Oui je le savais, et pourtant en ce moment je ne pouvais pas m'empêcher de penser que ma veine, justement, était sur le point de tourner…

ooo

Tel que prévu la veille au soir, mon jet privé se posa en banlieue de Paris à 10h du matin le mercredi 28 mars. Et maintenant, une demi-heure après s'être acquittés des formalités douanières, nous nous dirigions tranquillement vers le sixième arrondissement dans la Peugeot 508 que j'avais louée à l'aéroport. Jasper n'avait pas protesté; pour lui les voitures se valaient toutes, de manière générale, et il conduisait par pure nécessité. Il n'y prenait aucun plaisir et avait refusé catégoriquement que je lui offre une Ferrari F430 pour le remercier d'avoir organisé le séminaire dans les Catskills en septembre. Moi, par contre, j'adorais les bagnoles et la vitesse, et j'étais foutrement découragé de ne pas pouvoir pousser la Peugeot au maximum à cause de la circulation qui était toujours problématique dans la capitale française.

« Si ça continue à rouler aussi lentement, Alice et Bella vont sortir pour déjeuner et on va les louper, » soupirai-je au bout d'un moment.

Ça faisait cinq minutes qu'on stagnait à un rond-point dans le quatrième arrondissement.

« Nom d'un chien, Eddie, cette voiture est une berline, j'te signale, donc rien à voir avec ton Aston Martin avec laquelle tu aimes tant t'amuser à battre des records de vitesse. Et parlant de vitesse, on ne serait pas très avancés si on se faisait prendre en train de dépasser les limites, » commenta Jasper.

« Parce que je suppose que tu trouves qu'on frôle l'excès de vitesse en ce moment? » raillai-je, commençant à perdre patience.

Autour de nous les klaxons n'arrêtaient pas de se faire entendre, comme si les gens dans leurs voitures s'imaginaient que de se manifester bruyamment allait régler le problème de congestion routière. Même à Manhattan ça n'atteignait jamais ce niveau de frénésie déconcertant. Heureusement que nous n'étions pas trop mal disposés en cette fin de matinée blême de début de printemps, ayant pu profiter du confort du jet pour dormir durant le vol.

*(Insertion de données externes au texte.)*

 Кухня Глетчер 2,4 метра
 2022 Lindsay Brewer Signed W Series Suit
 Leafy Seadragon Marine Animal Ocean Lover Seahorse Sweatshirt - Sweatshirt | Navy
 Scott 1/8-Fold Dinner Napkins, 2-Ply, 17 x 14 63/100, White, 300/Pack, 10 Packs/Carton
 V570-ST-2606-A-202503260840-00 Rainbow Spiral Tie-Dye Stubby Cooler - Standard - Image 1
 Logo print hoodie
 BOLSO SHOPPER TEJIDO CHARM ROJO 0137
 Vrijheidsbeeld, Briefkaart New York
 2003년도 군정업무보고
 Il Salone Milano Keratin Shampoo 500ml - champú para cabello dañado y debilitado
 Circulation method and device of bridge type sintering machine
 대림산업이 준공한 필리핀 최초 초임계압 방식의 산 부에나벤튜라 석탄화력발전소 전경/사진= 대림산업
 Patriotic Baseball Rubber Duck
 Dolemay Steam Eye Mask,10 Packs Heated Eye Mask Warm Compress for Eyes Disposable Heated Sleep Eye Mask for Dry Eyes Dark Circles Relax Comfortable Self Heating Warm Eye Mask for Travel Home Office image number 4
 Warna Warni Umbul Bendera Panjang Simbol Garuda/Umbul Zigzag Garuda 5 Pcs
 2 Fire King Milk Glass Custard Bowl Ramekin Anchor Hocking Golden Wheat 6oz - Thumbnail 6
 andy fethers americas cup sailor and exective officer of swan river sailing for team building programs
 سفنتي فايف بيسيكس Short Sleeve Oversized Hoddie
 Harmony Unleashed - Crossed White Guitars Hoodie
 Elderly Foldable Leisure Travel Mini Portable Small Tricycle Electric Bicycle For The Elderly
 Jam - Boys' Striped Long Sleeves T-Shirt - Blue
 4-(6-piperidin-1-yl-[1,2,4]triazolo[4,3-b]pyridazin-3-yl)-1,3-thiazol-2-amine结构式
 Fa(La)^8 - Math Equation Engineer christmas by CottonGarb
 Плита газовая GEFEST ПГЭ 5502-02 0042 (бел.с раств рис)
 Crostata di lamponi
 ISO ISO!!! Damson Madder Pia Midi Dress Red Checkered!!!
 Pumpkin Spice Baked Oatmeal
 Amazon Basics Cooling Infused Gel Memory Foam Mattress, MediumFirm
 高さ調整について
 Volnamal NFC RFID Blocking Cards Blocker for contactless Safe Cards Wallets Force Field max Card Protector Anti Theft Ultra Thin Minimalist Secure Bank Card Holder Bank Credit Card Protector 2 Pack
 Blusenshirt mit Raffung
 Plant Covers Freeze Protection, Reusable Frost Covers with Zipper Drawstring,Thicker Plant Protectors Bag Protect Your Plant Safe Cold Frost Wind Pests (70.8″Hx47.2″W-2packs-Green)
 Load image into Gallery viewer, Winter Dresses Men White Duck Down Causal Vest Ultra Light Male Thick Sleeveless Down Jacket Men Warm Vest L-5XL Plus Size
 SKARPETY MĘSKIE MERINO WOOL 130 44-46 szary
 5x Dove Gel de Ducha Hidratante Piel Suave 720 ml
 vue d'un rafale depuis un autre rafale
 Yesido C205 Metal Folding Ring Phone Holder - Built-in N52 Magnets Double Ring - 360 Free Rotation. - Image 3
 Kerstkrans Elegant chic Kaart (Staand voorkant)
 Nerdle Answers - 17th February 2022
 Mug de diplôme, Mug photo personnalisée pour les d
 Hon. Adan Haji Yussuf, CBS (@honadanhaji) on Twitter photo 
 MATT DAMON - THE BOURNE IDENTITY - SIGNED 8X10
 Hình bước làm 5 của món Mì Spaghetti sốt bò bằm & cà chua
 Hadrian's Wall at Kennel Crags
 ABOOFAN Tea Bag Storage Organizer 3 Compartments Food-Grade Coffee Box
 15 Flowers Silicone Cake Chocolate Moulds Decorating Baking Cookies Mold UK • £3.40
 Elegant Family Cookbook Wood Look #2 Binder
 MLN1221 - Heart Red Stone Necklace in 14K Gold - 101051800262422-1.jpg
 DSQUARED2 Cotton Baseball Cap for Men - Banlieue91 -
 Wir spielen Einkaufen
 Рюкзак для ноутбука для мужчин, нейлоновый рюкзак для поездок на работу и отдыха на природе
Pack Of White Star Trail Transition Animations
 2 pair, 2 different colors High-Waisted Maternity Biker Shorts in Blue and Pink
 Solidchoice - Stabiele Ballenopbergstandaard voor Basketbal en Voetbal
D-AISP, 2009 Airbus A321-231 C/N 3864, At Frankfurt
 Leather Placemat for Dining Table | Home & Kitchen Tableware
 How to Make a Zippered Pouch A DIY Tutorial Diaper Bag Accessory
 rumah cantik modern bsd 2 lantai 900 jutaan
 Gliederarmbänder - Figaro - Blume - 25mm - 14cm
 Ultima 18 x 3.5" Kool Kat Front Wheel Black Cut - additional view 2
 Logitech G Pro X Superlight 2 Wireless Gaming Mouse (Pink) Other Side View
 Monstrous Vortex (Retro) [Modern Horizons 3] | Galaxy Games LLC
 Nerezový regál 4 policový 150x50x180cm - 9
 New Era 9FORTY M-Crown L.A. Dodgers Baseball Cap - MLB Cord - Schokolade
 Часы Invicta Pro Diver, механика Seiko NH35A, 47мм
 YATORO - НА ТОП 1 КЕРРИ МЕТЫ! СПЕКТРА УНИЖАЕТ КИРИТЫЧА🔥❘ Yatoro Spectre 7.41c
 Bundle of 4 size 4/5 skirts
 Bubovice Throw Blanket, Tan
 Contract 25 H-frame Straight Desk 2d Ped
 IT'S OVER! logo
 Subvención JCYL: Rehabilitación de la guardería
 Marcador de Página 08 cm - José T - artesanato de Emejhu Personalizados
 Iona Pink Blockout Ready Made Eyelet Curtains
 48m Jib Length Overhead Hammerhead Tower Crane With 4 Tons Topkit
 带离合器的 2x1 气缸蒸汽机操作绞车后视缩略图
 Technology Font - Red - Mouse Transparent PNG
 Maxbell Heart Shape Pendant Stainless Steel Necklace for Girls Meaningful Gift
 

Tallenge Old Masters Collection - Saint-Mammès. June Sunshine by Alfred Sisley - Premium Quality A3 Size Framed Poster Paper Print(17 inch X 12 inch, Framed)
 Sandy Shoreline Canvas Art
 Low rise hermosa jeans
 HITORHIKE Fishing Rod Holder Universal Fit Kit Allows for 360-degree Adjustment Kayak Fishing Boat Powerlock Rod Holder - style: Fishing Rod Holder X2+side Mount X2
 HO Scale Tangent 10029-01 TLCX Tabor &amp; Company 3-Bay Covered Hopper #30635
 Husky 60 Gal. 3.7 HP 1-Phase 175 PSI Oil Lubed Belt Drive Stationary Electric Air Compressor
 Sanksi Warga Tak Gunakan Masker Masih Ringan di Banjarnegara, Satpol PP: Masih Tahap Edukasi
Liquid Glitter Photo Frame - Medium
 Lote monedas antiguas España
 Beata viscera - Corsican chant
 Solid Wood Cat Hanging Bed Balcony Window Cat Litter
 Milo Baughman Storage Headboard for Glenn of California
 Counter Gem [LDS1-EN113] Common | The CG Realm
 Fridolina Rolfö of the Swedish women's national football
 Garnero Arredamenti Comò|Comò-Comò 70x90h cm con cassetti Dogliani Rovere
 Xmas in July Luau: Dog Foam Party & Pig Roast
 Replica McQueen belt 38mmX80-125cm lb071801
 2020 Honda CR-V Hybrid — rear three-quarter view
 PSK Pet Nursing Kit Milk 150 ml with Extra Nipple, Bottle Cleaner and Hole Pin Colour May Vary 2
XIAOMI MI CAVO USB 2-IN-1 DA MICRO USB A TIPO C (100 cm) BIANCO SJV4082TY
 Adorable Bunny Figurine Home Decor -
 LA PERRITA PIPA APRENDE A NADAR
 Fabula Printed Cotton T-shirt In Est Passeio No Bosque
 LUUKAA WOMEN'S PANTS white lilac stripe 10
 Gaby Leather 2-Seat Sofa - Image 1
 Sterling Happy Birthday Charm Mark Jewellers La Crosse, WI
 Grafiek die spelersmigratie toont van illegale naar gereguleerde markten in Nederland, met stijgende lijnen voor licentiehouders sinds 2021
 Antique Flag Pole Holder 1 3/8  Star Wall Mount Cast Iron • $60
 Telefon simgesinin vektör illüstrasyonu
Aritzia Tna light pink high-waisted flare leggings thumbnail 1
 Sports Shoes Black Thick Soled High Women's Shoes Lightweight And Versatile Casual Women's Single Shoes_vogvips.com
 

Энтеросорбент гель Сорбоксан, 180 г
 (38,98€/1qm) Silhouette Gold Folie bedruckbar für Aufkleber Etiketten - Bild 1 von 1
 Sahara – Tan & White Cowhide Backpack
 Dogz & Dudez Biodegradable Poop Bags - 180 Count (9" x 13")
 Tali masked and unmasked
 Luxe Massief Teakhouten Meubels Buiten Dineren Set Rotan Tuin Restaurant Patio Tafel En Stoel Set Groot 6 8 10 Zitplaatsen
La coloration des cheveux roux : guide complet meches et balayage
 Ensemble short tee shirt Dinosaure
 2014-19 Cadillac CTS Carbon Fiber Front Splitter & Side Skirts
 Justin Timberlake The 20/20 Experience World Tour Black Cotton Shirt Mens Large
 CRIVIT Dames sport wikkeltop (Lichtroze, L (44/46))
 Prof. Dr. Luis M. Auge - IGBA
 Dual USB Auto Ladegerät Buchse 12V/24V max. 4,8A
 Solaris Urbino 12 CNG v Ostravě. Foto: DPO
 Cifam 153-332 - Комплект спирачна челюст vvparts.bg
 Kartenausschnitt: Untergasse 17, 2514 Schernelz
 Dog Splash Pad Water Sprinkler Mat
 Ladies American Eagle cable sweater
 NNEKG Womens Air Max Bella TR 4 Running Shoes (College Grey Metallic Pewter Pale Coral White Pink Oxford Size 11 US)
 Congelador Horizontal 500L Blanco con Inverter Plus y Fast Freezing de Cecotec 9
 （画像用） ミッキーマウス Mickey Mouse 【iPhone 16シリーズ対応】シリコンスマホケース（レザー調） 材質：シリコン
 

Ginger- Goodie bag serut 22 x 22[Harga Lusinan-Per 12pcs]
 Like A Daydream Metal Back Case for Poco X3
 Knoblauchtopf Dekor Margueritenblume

Cependant, je devais bien avouer que l'envie qui me démangeait le plus en ce moment, c'était précisément d'aller retrouver Bella dans son lit… Je jetai un coup d'œil à ma montre. 11h15. Peut-être qu'elle ne dormait plus et que je pourrais lui téléphoner et lui demander innocemment si elle avait fait bon voyage et si elle avait des plans avant de rencontrer son éditrice. Ça ne gâcherait en rien la surprise que j'étais sur le point de lui faire puisqu'elle ne se douterait pas que je l'appelais de Paris. D'ailleurs elle-même aurait dû me téléphoner tout de suite en sortant de l'avion…

« Au fait, tu as réservé une chambre supplémentaire au Récamier? » S'informa Jasper.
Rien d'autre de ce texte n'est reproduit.